New Criticals

Installation view, 'Ken Price. A Study of Sculptures and Drawings, 1959 – 2006', Hauser & Wirth London
Photo: Alex Delfanne

It’s December 2016. I am in London. I am moving here, I have to find a flat very quickly, and actually it is a real struggle, waste of vital energies, I am exhausted. Even if I am running up and down around Hackney I pop into Mayfair quite late, at 5.30pm. Hauser&Wirth closes at 6.00, I’m in a terrible hurry.

At the moment I am frightened to death to write this paragraph, I will go gentle in that good night.  - Will go short here.

A Survey of Sculptures and Drawings, 1959 – 2006 by Ken Price is a retrospective, a historical, punctual analysis of the work of the American artist. It would sound obvious and tediously insolent to state any word on Price’s work, I will not do it. The space is empty; the gallery staff is packing to leave after a workday. I’m here, it is magical, seriously. I don’t want to leave.
I can see how all the artists involved in plastic creation might have learned so much just seeing a picture of any of Price’s works. I can see music, I can hear William S. Burroughs.

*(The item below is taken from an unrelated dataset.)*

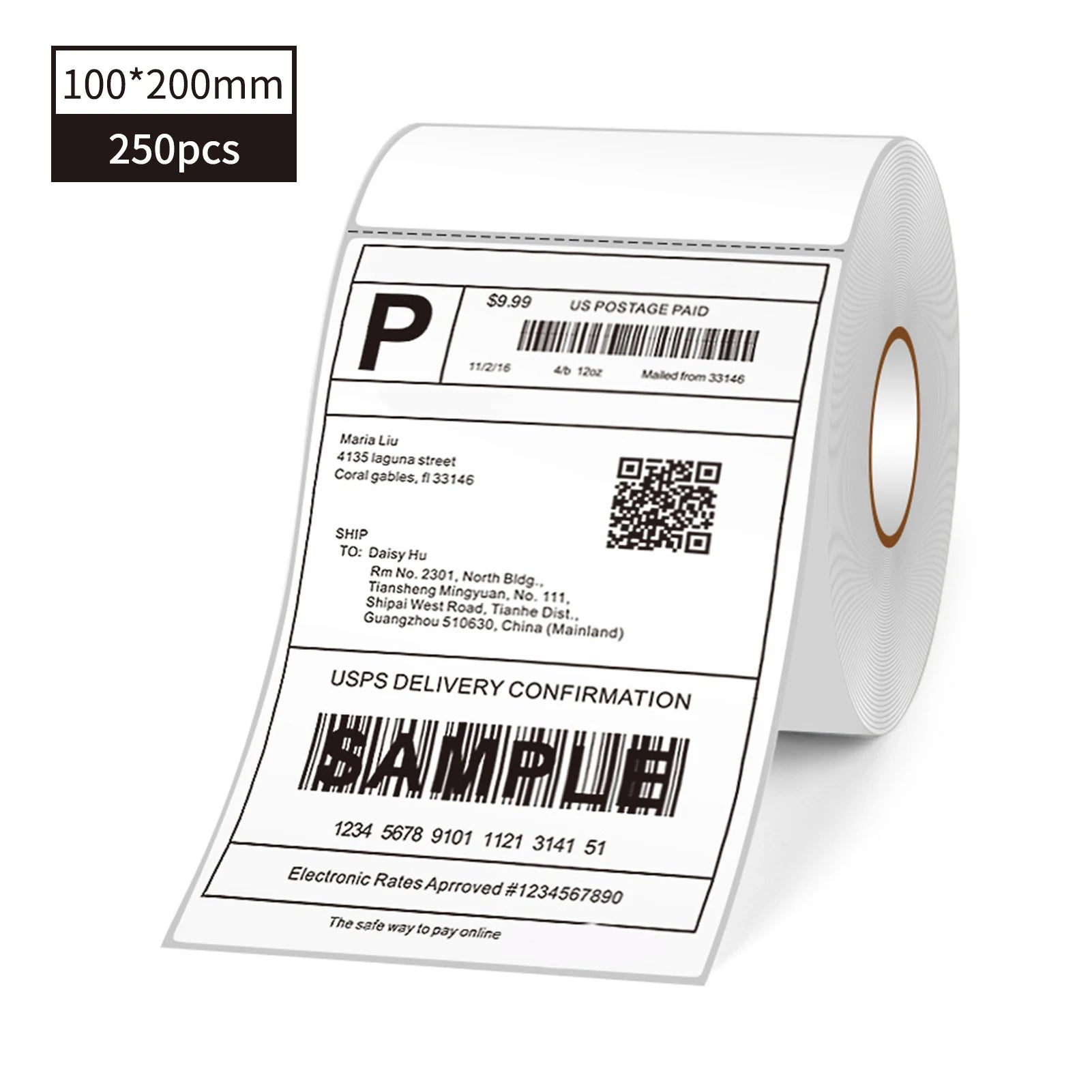 MoolTherm Label Shipping Rolls
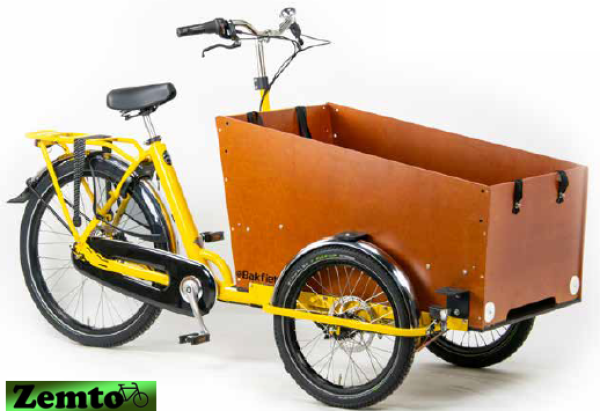 Bakfiets Cargo Trike Classic Narrow, individuell konfigurierbar, ohne Motor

I am going too mystical, but the sexual allure is real.

I think Hauser&Wirth is the first and only commercial gallery to have an in-house curator. Actually, Paul Schimmel is also Partner and Vice-President. At the moment, I am a bit confused concerning the structural differences between this gallery and any middle-sized institution in terms of quality of the program. If I would have the chance to have a second life, I would definitely be Iwan Wirth.